From 1868 to 1889 Culver worked with Charles Hull in his real estate ventures in Chicago, at the same time teaching in a night school established by Hull for street-trade boys. Hull was in the temperance movement. He regarded ownership of property as part of good citizenship, and saw the sale of land to the poor as a public service. However, his business turned a good profit. He also bought real estate around the country, including Atlanta, Georgia, and Jacksonville, Florida. In 1869-70, Hull bought a large amount of land on the outskirts of Savannah, Georgia, and encouraged African Americans to buy land and build homes for themselves. Culver established and taught at an office night school in Savannah as well.

In 1874 Hull's daughter Fredrika died, and he spent more time out of the Chicago. On July 1, 1875 Culver became one of the first two Illinois women to be appointed as a notary public.

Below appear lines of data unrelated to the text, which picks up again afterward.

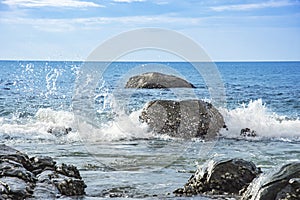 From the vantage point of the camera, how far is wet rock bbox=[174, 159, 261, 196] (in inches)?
387

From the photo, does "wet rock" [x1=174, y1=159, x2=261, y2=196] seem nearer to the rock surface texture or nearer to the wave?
the rock surface texture

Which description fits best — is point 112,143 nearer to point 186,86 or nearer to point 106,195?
point 106,195

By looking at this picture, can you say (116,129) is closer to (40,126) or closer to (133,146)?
(40,126)

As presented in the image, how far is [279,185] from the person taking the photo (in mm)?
7980

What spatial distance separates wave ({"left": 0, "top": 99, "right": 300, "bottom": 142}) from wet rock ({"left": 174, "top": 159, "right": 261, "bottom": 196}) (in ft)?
28.2

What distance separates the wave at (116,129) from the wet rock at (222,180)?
8595mm

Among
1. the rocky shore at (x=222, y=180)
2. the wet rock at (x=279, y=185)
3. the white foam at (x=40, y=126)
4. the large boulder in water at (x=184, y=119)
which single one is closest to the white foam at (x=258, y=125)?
the large boulder in water at (x=184, y=119)

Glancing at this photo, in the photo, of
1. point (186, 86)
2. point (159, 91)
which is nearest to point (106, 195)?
point (159, 91)

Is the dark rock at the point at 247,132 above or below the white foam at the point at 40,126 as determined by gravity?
below

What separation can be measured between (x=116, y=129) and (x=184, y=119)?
2815mm

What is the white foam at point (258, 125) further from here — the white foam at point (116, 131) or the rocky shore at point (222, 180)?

When Hull died in 1889, Culver inherited his entire estate. This included 224 lots in Chicago, and 1,155 lots of land in other states. Culver kept up his office, the sign reading "Miss Helen Culver, Successor to C. J. Hull, Real Estate".

==Interests and activities==
Culver was interested in science and human welfare, and was active in the women's suffrage movement.

== Philanthropy ==
===Hull House===

Culver owned Hull House and rented it to Jane Addams, before later giving the property to Addams along with hundreds of thousands of dollars of donations, contributing substantially to founding the comprehensive settlement house movement in the United States. Convinced that Charles Hull wanted his estate to be used for the public good, she named the property after him, and used other inherited wealth for other philanthropic good. Culver was on the board of Hull House until 1920, during that time serving as a vice-president for many years.

===Helen Culver Gold Medal===

In 1907, she set up a bequest to establish the Helen Culver Gold Medal, to be awarded by the Geographic Society of Chicago to outstanding practitioners. The National Air and Space Museum holds the 1925 medal, inscribed "The Helen Culver Gold Medal, founded 1907 A.D One side bears a portrait of Culver, the other a dedication to the recipient.

The inaugural recipient was Norwegian scientist and explorer Roald Amundsen, who spoke at the society about his recent expedition to the Northwest Passage.

In 1915, Australian scientist and Antarctic explorer Douglas Mawson was awarded the medal.

In 1925 the medal was awarded to Lowell H. Smith, for having achieved the first Circumnavigation of the Earth by airplane on October 16, 1925.

===Other philanthropy===
Culver also supported several other important scholarly causes, such as giving over $1.1 million to the University of Chicago, making her one of the University's most important early donors. Her benefaction established the Hull Biological Laboratories at the university.

Her last gift was the Helen Culver Fund for Race Psychology, established in 1908, to address the topic of immigration and housing in Chicago neighbourhoods. The endowment of $50,000 to sociologists W. I. Thomas and Florian Znaniecki allowed them to research and produce the five-volume publication, The Polish Peasant in Europe and America (1922-24), which became very influential.

Culver's donations to the University of Chicago helped fund the Hull Biological Laboratories, which were completed in 1897.

==Personal life==
Culver's affection for Hull was obvious in her letters to him, saying that she thought about him all the time they were apart. However Hull developed nephritis in 1884, causing him to return to Chicago, where they were joined by Martha Ellen French, a former teacher and Oberlin College classmate of Fredrika. French became a live-in companion and assistant to Culver, and lived with her for over 30 years.

==Later life and death==
In 1900, Culver retired from the real estate business and built an estate called Rookwood, in Lake Forest. She cycled around the area, and traveled to Europe with French.

In her later years, Culver lived with her nephew, Charles Hull Ewing. In 1913, her health deteriorating, Culver gave Rookwood to Ewing, and moved to Sarasota, Florida. In 1918 French died of heart failure. Culver lost her sight and hearing, and was eventually confined to bed with a broken hip. She died on August 19, 1925, of malnutrition.